凸凹飛行隊及び日中韓アポストロスの代表が、話し合いのため茶会のテーブルについていた。
「……さて、では本題に入る。まず」
「私たち中国代表アポストロスが新たに三機。韓国代表の方々も新たに三機、法機をダークウェブの女王より入手しました。ね、陽玄さん?」
「ㄴ、네!」
「……なるほど。」
巫術山の早速の振りに、鬼苺が即応する。
戦力としては、戦いのさなか増強された格好となっている日中韓共同戦線である。
「うむ。中韓合わせて六機の法機が新たにか……それは心強い! 更に……魔女木飛行隊長。あなた方は、あの空中要塞に対して有効打を与えられたようだが?」
「! はい、一応は……」
「是! ならそのやり方を教えてください、私たちもそうすれば!」
「네! 私たちも、あの敵に」
「うーん……」
巫術山がそうして青夢に振った話――いわば、擬似火炎誘爆砲を初めて撃った時の話――に、鬼苺も陽玄も食いつくが。

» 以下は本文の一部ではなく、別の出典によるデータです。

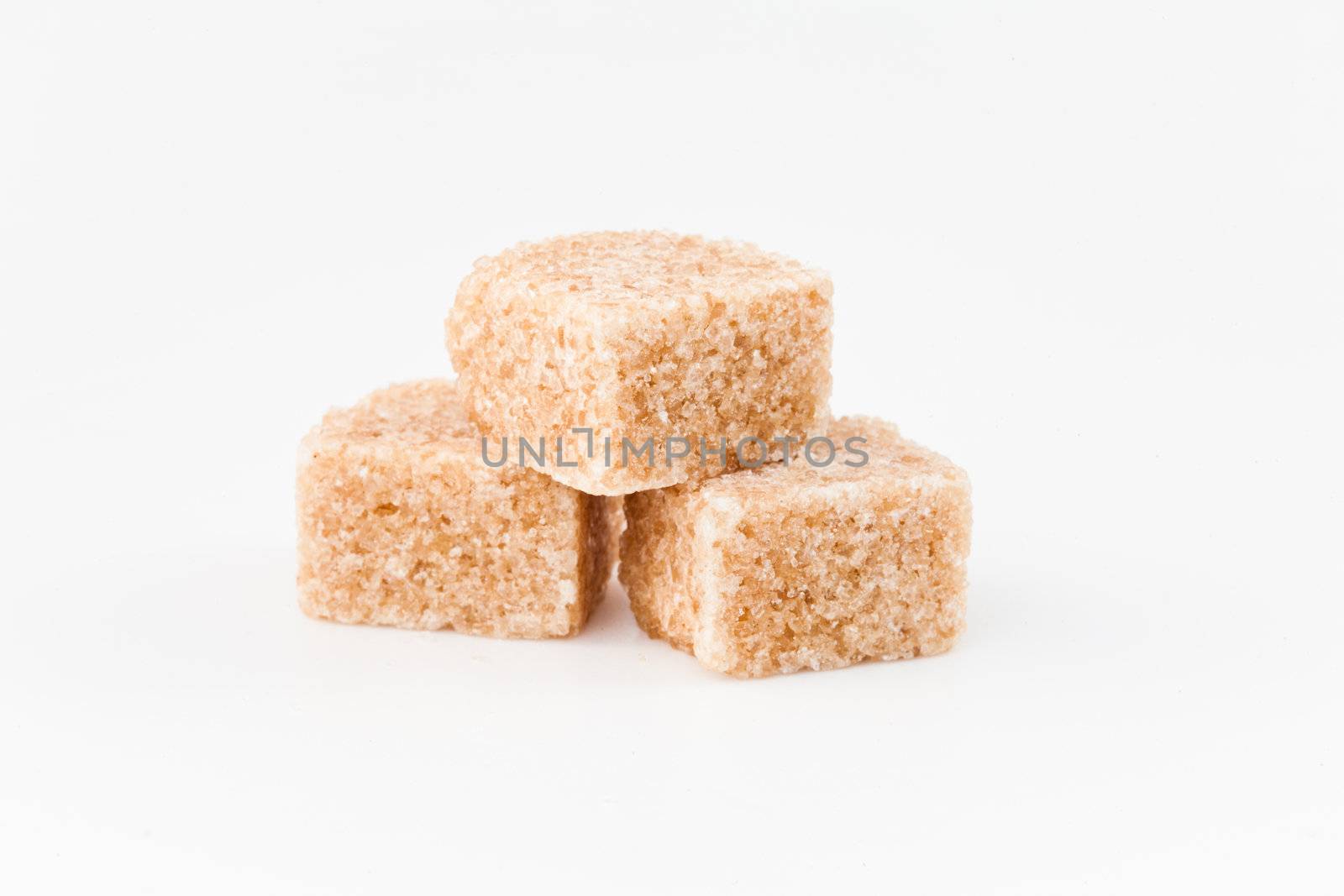 Brown sugars against a white background
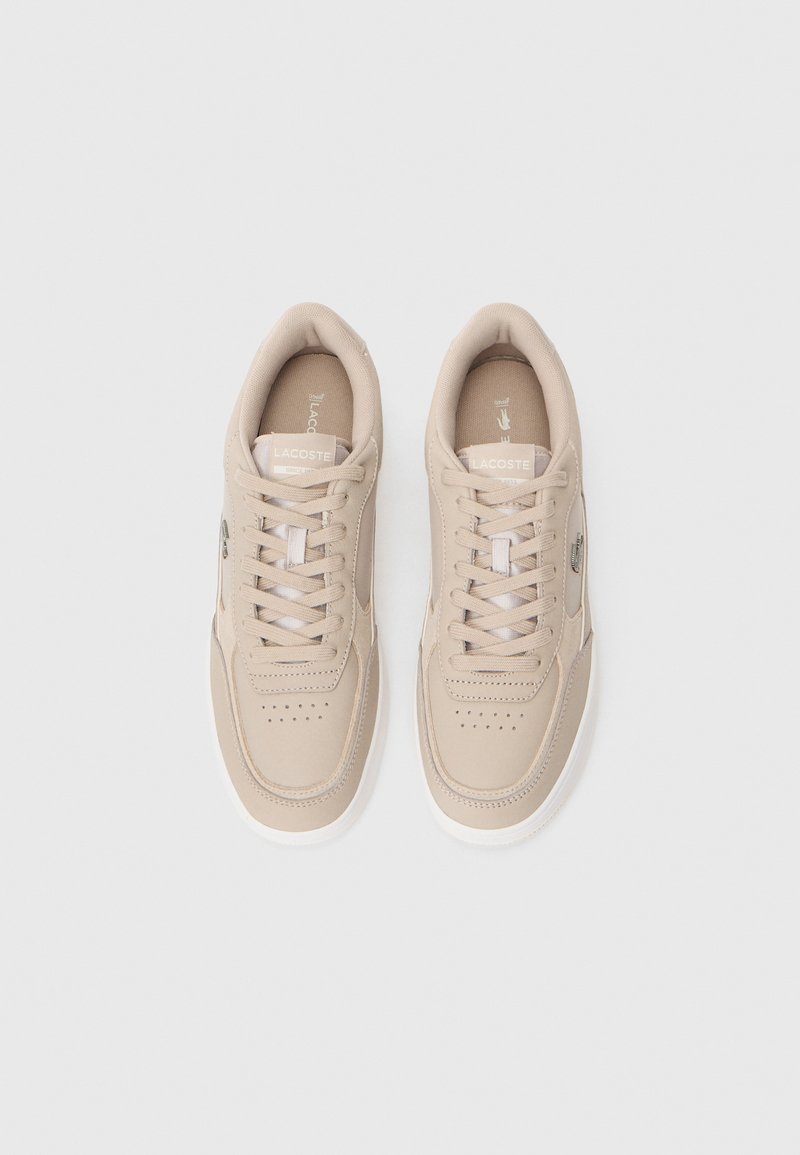 Beige sneakers with a smooth leather upper, perforated toe, and contrasting white rubber sole. Features laces and a logo detail on the side.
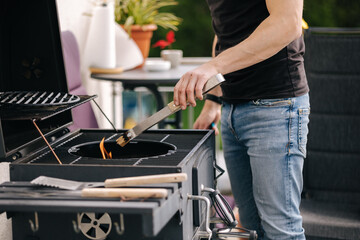 Close-up of man make a fire and controls the process. BBQ grill outdoor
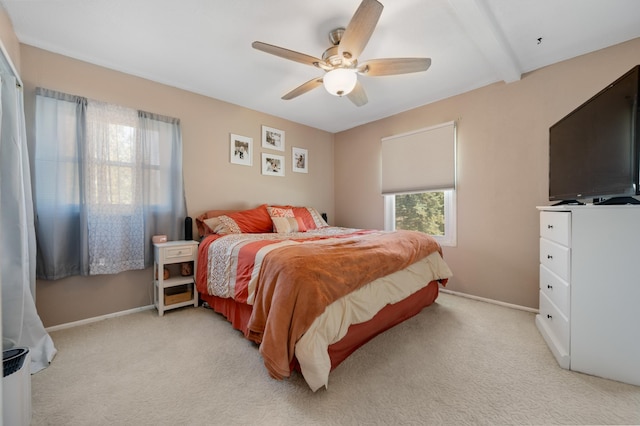 1601 5th Ave, Grand Rapids, MN 55744 - bedroom with light colored carpet, ceiling fan, and baseboards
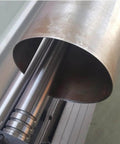 Close-up of 3 In 1 Sheet Metal Cutter, Brake And Slip Roll for 30 Inch 20 Gauge Fabrication, showing metal rolled on machine.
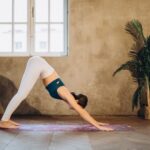 woman in downward dog pose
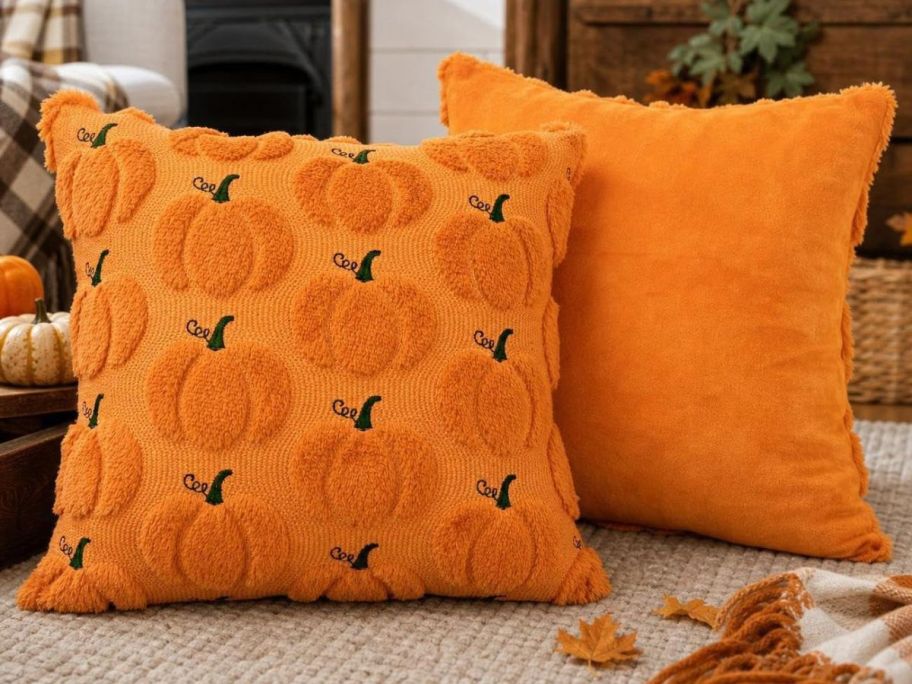 Pumpkin pillow covers on top of the couch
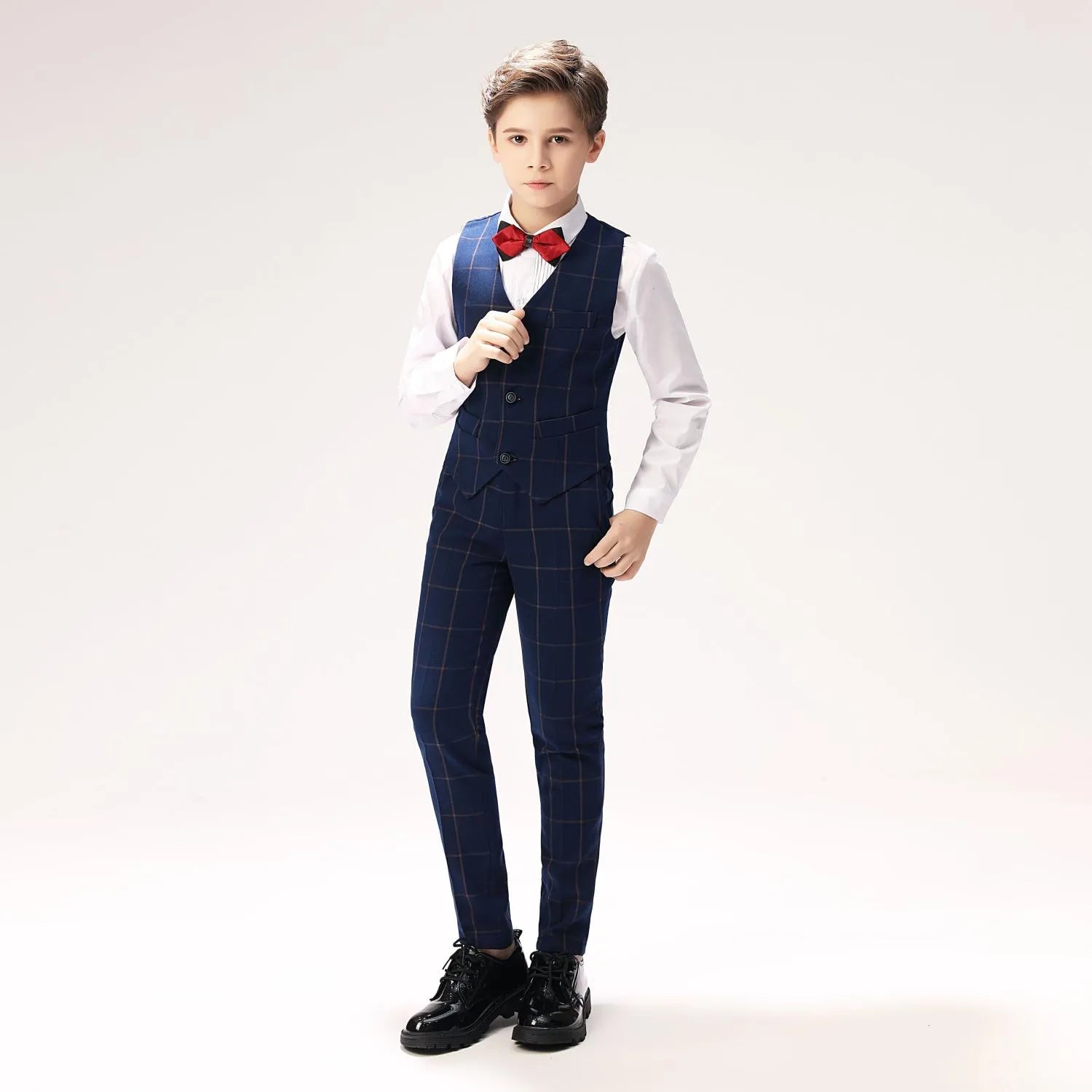 Classic boys plaid vest and trousers with white dress shirt and bow tie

――ダメよ! あの空中要塞にはトバラ族自治区の一般市民も乗っているかもしれない……だけど! さっきの技はいわば、大量殺戮兵器よ。それを続け様に撃てば中の人たちは分からない、だから! ここは直接乗り込むの!
あの擬似火炎誘爆砲を打ち込んだ時に青夢がマリアナに言った言葉である。
それもあり、彼女はそのやり方について話をしようとはしないのである。
「……あのやり方は、二度とは通じないと思います。」
「何?」
「什么?」
「뭣?」
青夢はそう言うしかなく、それに対して巫術山・鬼苺・陽玄は首を傾げる。
「私たちは魔男と何度も戦って来ましたが……当たり前ですが緒戦・次戦とあれば、彼らは大概対策を打って来ています。ですから、もうこのやり方では」
「是、だけど! 中国軍も韓国軍もかなり戦力を損耗している今、私たちの強力な法機で突破口を開かなくちゃいけないの! あの忌々しい少数民族から、この国を守らないと!」
「!? ぐ、鬼苺さん……」
青夢がそう言うや。
鬼苺は食ってかかるように言ってくる。
そう、トバラ族は忌々しい少数民族。
彼女たち漢民族からしてみれば。
「……しかし。その忌々しい少数民族が忌々しくなったのは、何ででしょうか?」
「!? ……什么?」
「ま、魔女木!」
「뭣!?」
しかし青夢は、気づけば次にはそう言っていた。
――いえいえ! こんな所少数民族の辺境地ですよ!
――小鬼、ちょっと言い過ぎ〜!
――は、はい……そうですね……
青夢はかつてニマに対する鬼苺や女夭の態度から見出した、トバラ族への悪意を思い出したのである。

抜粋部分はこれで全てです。